Strang sees reasons for guarded optimism all around him.
He has taught law at Marquette University and University of Wisconsin-Madison, and says, “I see students who are increasingly going to law school for the right reasons. They’re not necessarily looking for the pathways that lead to wealth, but rather they have public service in mind. I started noticing it around 2008, about the time of the housing crash and recession.”
He sees reason for guarded optimism in the public discourse.
“We’re having a robust dialog about the relationship between police agencies and the people they serve,” Strang says. “The robustness on all sides of the debate is very healthy. Even when it’s raucous and seems fractious and divisive, I think it will help in the long run.”
He sees it in shifting societal views toward incarceration.
“There are systemic [changes] in states like California starting to roll back three-strikes-and-you’re-out [sentencing laws],” he says. “And citizens are broadly becoming discomfited and unhappy that state corrections department budgets now are exceeding state university budgets. Across the political spectrum, people are asking what possible sense that can make. President Obama has issued an unparalleled number of commutations, and the public has been largely supportive of that.”
Strang sees it in his law firm, too, which he has deliberately stocked with young upstarts.
“I’m the oldest person in the firm by 22 years,” he says with a chuckle. “They’re more willing to change and grow [than older attorneys]. They’re more attuned to where American culture is going.”
As for his own heightened profile in the wake of Making a Murderer? “All of that has already tapered off dramatically,” he says. “I don’t think over the long haul it will change the trajectory of either my professional or personal life.”
That seems unlikely.

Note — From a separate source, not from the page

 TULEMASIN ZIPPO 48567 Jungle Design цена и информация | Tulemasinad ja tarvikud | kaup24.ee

He spent some of his summer in negotiations to host a criminal justice investigation TV series, Road to Justice; a follow-up season of Making a Murderer is in the works; there’s talk of a feature film based on Making a Murderer, with stars ranging from Kyle Chandler to Stephen Colbert rumored to play Strang; he hopes to publish his second book by 2018 (the first, Worse Than the Devil: Anarchists, Clarence Darrow, and Justice in a Time of Terror, came out in 2013); and Glynn believes he may well become an appellate judge someday.

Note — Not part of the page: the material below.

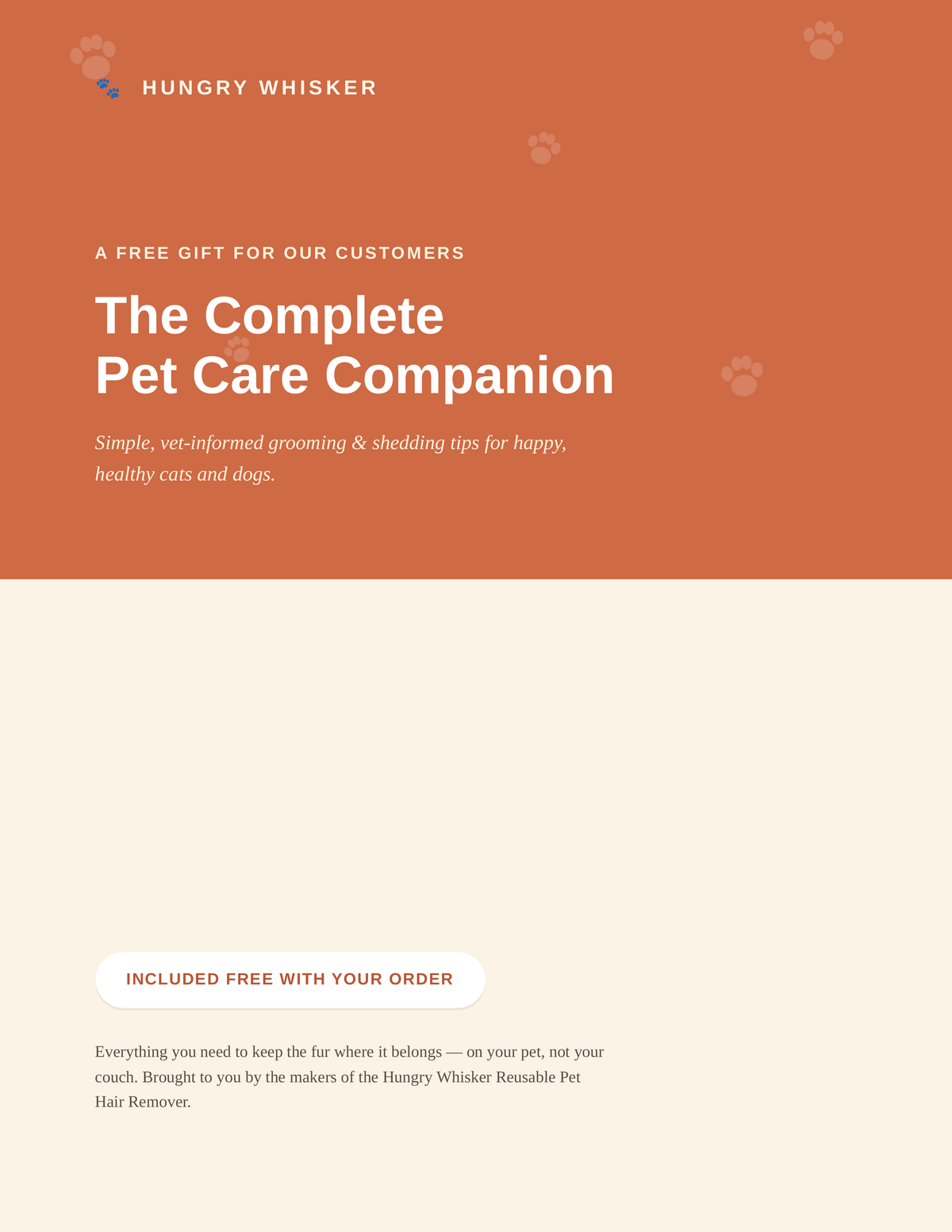 The Complete Pet Care Companion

The mic won’t be taken away from Strang anytime soon.
Partners in Criminal Defense
What sets Strang apart in the eyes of one of his closest colleagues
I’ve known Dean for more than 25 years now. We never worked together in the same law firms,
so the Avery case was my first chance to work with him on a daily basis. It was a wonderful experience 10 years ago, and the whirlwind year of travel we’ve done for our speaking engagements has been a great way to reunite that close friendship. I couldn’t have asked for a better partner to share this experience with.

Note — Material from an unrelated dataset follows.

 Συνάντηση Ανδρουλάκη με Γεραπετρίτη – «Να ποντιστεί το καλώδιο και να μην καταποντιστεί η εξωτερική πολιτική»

Dean’s strengths are many, especially in legal writing and analysis, and his civil and scholarly approach to the practice of law has lifted the profession to higher standards in many ways. But the viewers of Making a Murderer saw his remarkable talent speaking beautiful, fluid, unrehearsed prose as well. My favorite line was when the prosecutor complained about having to start off “swimming upstream” if the judge gave a curative instruction about the prejudice of the press conferences and the added charges the state knew they couldn’t prove. Dean’s reply is a classic, and it was completely extemporaneous:
“All due respect to counsel, the state is supposed to start every criminal case ‘swimming upstream.’ And the strong current against which the state is supposed to be swimming is the presumption of innocence.”